**Work to be completed:**
Reproduce the records below exactly, but only between the lines holding "Damen Komfort Sandalen" and "泰州發(fā)電機出租賃工廠", inclusive.

**Source material:**

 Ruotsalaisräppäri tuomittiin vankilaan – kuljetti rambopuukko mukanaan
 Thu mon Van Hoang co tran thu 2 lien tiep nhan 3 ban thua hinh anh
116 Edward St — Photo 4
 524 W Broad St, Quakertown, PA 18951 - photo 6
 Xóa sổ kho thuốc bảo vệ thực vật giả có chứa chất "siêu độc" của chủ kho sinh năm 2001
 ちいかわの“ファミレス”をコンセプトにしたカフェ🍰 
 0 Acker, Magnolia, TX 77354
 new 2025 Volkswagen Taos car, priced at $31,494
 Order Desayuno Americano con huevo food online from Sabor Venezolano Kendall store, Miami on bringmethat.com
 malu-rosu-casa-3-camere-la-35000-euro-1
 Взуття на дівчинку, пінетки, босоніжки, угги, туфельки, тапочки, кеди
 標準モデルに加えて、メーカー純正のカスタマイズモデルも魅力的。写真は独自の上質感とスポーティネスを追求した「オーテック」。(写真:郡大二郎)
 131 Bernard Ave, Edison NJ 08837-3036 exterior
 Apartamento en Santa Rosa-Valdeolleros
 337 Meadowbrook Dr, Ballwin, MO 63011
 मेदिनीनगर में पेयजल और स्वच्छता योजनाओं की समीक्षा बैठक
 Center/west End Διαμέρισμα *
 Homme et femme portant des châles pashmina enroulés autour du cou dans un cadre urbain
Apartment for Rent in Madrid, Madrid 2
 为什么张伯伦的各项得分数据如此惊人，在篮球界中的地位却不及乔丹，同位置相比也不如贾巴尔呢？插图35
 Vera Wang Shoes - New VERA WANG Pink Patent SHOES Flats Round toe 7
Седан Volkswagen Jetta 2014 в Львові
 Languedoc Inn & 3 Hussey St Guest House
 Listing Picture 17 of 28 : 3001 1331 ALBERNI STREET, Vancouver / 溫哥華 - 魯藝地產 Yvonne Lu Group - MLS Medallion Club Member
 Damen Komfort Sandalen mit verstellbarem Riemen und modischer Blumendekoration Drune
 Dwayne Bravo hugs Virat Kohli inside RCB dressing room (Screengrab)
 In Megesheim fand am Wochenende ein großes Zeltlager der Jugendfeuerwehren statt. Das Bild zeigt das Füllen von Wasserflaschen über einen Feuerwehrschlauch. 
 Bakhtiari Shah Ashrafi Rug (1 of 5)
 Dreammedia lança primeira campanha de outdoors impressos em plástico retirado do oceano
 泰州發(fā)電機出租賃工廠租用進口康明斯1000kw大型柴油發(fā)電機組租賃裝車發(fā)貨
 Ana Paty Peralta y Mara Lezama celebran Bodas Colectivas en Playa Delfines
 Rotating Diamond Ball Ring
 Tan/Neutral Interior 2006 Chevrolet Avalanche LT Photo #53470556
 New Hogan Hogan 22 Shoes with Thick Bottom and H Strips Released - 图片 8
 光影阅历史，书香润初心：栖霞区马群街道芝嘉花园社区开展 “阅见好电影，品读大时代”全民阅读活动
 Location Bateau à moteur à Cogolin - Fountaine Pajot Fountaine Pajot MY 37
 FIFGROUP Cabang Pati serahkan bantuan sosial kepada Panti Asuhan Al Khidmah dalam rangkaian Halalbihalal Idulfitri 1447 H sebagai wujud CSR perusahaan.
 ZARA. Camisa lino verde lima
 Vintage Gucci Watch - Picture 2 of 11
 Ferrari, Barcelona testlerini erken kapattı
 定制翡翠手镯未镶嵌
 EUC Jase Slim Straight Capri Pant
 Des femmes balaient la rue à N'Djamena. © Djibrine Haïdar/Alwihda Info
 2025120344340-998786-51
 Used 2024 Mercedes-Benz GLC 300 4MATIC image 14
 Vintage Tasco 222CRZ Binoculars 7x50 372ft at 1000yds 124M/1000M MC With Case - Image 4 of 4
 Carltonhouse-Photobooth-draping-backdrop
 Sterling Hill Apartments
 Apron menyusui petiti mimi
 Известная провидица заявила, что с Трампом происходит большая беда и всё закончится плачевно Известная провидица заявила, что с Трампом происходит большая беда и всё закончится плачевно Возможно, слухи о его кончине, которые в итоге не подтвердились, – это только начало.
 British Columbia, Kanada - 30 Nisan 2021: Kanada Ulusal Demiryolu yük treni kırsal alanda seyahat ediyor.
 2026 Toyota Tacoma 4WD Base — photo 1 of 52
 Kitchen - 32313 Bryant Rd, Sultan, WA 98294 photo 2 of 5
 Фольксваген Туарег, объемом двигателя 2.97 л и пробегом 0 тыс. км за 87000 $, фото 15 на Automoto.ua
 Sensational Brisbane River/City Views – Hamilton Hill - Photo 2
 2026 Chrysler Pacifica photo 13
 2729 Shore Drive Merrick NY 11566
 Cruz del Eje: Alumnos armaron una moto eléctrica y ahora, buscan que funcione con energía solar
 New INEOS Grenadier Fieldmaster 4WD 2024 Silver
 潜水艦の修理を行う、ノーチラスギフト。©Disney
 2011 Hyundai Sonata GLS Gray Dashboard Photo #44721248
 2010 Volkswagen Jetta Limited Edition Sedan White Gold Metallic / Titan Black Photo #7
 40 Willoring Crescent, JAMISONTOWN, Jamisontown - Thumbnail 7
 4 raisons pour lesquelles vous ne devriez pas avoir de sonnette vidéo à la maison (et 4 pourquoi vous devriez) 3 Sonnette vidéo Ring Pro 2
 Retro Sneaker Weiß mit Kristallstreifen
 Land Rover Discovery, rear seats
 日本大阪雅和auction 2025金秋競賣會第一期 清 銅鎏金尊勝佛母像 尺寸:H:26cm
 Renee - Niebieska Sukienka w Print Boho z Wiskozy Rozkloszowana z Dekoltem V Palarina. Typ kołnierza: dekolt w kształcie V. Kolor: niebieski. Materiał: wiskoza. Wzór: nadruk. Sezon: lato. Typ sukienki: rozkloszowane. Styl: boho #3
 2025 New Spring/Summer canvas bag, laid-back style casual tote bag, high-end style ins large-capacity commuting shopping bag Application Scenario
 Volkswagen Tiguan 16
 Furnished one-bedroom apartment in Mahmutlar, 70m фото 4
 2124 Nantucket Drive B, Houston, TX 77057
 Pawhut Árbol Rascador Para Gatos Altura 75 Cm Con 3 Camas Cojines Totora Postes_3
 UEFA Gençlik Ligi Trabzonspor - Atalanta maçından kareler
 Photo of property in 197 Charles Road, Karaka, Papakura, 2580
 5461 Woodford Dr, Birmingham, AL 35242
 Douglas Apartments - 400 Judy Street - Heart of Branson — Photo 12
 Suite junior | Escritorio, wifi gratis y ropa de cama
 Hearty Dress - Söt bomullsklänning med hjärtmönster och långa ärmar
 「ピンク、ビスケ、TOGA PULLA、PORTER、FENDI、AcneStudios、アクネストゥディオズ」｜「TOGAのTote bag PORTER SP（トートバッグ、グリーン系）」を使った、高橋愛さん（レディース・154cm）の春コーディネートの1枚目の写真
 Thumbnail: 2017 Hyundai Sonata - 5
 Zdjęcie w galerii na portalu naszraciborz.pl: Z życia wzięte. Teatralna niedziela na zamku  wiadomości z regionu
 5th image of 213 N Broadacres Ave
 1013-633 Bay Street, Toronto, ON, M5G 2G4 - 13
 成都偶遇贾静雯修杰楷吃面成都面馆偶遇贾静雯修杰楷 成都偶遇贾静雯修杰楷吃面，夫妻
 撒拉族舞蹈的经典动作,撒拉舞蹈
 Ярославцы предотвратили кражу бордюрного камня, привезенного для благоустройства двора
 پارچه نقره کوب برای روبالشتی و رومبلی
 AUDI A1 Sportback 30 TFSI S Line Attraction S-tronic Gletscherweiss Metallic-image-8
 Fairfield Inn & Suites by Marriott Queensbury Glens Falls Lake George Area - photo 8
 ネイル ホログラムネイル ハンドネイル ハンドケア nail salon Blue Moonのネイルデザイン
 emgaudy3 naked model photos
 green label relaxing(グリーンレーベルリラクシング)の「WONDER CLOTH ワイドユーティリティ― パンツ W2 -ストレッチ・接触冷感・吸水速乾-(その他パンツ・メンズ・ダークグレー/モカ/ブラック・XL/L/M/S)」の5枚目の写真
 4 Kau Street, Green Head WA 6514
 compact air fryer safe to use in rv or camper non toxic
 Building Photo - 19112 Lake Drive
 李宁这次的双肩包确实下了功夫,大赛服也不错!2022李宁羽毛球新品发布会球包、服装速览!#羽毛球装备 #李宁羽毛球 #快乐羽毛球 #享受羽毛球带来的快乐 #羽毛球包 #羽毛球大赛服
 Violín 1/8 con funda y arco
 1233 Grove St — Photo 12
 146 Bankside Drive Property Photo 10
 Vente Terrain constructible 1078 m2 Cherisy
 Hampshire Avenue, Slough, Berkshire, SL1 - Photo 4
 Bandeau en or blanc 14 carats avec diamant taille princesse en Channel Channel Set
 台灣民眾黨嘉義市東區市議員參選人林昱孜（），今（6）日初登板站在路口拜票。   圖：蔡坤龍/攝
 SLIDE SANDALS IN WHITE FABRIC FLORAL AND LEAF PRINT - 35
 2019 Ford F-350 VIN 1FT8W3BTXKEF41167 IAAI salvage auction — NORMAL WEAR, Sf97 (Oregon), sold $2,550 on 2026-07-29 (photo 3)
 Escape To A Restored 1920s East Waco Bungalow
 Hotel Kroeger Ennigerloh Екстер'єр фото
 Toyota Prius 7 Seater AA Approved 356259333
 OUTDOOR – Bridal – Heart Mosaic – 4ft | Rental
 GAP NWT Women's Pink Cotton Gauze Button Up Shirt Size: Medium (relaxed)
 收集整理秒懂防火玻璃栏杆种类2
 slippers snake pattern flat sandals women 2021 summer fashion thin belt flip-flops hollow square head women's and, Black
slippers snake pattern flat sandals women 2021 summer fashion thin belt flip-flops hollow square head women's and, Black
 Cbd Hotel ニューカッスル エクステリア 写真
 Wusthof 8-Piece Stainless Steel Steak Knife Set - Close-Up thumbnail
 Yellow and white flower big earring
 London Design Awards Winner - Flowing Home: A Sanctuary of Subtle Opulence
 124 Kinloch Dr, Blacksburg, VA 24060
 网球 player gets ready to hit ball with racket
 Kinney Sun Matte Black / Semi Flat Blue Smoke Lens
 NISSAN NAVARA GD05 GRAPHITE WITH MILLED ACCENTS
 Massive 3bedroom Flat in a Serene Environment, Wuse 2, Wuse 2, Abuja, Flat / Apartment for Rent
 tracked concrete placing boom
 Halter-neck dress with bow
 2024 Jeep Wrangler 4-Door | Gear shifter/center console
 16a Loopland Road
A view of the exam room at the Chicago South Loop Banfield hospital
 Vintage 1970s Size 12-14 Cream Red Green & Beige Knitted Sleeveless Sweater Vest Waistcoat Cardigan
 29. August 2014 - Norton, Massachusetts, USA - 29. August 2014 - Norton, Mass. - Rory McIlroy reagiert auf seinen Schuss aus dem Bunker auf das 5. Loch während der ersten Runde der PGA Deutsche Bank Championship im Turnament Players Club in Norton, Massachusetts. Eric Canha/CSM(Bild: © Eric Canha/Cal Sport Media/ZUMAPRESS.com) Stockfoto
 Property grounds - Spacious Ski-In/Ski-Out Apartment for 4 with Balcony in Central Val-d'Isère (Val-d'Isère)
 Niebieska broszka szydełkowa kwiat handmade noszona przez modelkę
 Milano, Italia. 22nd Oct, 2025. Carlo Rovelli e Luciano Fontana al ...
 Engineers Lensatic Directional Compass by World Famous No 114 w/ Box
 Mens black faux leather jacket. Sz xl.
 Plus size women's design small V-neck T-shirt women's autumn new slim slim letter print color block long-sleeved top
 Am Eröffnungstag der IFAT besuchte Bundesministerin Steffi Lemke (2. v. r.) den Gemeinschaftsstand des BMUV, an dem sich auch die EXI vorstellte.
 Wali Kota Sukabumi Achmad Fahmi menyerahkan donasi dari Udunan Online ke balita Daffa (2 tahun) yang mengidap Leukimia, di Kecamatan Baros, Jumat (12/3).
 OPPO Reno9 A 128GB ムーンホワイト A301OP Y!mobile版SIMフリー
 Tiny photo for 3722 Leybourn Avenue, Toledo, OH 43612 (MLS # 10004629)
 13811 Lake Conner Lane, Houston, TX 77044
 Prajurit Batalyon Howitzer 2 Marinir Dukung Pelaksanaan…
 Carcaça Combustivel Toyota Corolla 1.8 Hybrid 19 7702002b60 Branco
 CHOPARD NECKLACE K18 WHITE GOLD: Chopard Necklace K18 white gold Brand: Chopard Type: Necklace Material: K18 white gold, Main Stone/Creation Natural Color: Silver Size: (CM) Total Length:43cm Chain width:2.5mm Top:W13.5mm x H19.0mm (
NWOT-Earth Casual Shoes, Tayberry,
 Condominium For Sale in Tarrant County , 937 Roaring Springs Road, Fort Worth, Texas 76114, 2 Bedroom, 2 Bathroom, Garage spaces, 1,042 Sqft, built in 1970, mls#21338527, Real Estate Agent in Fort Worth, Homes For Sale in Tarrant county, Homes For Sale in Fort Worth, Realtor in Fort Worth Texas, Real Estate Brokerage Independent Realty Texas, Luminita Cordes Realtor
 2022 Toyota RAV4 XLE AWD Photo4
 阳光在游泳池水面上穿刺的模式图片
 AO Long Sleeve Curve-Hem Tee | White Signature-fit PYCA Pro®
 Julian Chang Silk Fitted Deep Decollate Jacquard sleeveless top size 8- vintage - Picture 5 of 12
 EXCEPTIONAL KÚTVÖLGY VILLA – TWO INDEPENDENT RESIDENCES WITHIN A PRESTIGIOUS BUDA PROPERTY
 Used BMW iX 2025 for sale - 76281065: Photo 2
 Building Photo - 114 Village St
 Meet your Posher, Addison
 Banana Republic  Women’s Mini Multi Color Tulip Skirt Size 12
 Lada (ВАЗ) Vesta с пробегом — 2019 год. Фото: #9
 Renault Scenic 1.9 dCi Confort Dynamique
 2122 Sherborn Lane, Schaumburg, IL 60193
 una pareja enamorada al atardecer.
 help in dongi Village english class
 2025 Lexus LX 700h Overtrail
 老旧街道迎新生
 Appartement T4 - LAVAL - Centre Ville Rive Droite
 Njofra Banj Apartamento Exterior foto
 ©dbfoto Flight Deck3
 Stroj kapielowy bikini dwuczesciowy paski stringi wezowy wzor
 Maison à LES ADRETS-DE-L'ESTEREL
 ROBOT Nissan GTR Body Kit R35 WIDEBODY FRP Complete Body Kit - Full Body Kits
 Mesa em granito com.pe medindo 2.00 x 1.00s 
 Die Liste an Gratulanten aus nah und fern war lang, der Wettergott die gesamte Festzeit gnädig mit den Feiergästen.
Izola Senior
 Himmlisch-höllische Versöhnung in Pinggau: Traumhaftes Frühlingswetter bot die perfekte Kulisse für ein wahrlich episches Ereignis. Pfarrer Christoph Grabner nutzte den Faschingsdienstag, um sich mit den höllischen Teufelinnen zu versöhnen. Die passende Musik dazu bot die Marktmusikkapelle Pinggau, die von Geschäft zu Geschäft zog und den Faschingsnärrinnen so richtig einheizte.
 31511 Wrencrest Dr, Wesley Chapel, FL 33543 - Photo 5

**Answer for the task:**
 Damen Komfort Sandalen mit verstellbarem Riemen und modischer Blumendekoration Drune
 Dwayne Bravo hugs Virat Kohli inside RCB dressing room (Screengrab)
 In Megesheim fand am Wochenende ein großes Zeltlager der Jugendfeuerwehren statt. Das Bild zeigt das Füllen von Wasserflaschen über einen Feuerwehrschlauch. 
 Bakhtiari Shah Ashrafi Rug (1 of 5)
 Dreammedia lança primeira campanha de outdoors impressos em plástico retirado do oceano
 泰州發(fā)電機出租賃工廠租用進口康明斯1000kw大型柴油發(fā)電機組租賃裝車發(fā)貨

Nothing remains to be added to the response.